Jakarta, gatra.net - Ketua Umum PP Muhammadiyah KH Haedar Nashir menyinggung soal peristiwa penghapusan tujuh kata dalam Piagam Jakarta yang menjadi cikal bakal dari Pancasila. Tujuh kata tersebut ialah "dengan kewajiban menjalankan syariat Islam bagi pemeluk-pemeluknya".
Menurutnya, tokoh-tokoh Islam yang bertoleransi bersedia menghapus tujuh kata tersebut, seperti Ki Bagus Hadikusumo dan Kasman Singodimedjo merupakan tokoh yang punya jasa besar dalam mengintegrasikan antara keislaman dan kebangsaan.
"Karena pada tanggal 18 Agustus 1945 ketika ada deadlock 7 kata dalam piagam Jakarta lalu terjadi negosiasi. Nah peran pak Kasman Singodimedjo, menjembatani dari Bung Karno dan Bung Hatta dengan Ki Bagus Hadikusumo.
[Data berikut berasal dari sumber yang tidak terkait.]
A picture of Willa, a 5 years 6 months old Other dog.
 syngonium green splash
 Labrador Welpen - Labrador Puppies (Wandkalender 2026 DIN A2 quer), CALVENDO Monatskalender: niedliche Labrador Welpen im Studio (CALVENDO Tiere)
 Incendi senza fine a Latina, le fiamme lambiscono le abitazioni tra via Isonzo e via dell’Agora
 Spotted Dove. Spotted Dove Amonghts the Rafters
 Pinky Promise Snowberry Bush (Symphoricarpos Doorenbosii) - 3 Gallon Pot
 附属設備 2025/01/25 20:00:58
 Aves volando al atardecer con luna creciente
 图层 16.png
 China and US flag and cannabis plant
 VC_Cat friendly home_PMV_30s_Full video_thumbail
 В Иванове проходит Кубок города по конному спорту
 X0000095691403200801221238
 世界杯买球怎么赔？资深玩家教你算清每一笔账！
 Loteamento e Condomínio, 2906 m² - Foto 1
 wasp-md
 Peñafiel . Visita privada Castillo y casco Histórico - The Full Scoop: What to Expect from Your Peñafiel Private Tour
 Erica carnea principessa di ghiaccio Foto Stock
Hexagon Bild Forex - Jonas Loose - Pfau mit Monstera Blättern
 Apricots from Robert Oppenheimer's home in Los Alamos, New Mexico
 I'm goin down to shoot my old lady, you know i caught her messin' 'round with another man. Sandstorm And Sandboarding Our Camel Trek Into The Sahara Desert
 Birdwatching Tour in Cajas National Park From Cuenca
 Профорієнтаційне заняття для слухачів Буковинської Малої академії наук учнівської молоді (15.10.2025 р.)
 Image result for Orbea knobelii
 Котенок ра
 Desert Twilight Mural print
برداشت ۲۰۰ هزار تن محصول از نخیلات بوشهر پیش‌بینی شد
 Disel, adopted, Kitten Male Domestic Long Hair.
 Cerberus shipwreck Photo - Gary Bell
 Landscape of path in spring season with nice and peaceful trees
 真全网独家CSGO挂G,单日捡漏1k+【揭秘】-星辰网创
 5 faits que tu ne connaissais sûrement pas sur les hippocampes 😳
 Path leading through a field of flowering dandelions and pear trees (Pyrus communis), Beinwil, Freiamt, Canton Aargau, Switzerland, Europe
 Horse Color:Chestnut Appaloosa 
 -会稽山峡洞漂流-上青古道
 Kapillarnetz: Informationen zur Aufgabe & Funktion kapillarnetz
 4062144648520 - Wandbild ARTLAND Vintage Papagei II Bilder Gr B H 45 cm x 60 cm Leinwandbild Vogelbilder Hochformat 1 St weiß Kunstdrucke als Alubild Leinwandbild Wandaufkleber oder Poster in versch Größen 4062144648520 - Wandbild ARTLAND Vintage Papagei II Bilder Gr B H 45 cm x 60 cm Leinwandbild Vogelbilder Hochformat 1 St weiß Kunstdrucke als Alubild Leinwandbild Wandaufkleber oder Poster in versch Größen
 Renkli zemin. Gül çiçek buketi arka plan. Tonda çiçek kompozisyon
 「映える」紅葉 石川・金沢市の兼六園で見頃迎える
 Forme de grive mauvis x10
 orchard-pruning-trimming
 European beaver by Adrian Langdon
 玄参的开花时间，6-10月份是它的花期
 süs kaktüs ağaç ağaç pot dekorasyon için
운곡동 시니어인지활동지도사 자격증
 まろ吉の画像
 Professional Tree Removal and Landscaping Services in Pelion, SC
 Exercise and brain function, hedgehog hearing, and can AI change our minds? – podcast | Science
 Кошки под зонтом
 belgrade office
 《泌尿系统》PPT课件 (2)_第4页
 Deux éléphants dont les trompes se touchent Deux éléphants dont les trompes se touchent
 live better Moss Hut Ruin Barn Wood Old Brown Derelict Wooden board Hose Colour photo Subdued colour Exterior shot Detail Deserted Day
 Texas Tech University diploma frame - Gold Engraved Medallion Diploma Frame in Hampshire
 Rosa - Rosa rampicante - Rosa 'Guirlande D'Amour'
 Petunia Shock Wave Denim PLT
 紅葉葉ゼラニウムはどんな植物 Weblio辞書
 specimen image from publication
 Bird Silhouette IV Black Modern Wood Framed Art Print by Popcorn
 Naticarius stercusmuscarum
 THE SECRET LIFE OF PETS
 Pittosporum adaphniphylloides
Dengan demikian maka dua tokoh ini yang punya tanggungjawab dalam peran integrasi nasional antara keislaman dan kebangsaan sehingga sejak itu kita sudah tutup buku," kata Haedar.
Ki Bagus Hadikusumo yang merupakan tokoh Muhammadiyah dan perwakilan dari kalangan Islam bersedia untuk bersama tokoh Islam lain mencoret tujuh kata dalam piagam Jakarta. Namun, tambah Haedar, mereka meminta agar sila Ketuhanan yang semula pada posisi sila kelima dipindah menjadi sila pertama dan ditambahkan kalimat: Ketuhanan Yang Maha Esa.
Berdasarkan fakta sejarah tersebut, Haedar Nashir menegaskan bahwa antara keislaman dan keindonesiaan bersenyawa dan tidak ada lagi kontradiksi. "Itu juga jangan dibawa pada kontradiksi oleh siapapun," tegas Haedar.
Saat ini setelah 74 tahun merdeka, tandas Haedar, menjadi tugas bagi umat Islam untuk mewujudkan nilai-nilai keislaman kedalam perdamaian, pembangunan dan kemajuan.
"Saya pikir dengan dua posisi dan peran ini (keislaman dan keindonesiaan) secara bersenyawa, maka Indonesia akan lebih kuat dan lebih maju," demikian Haedar.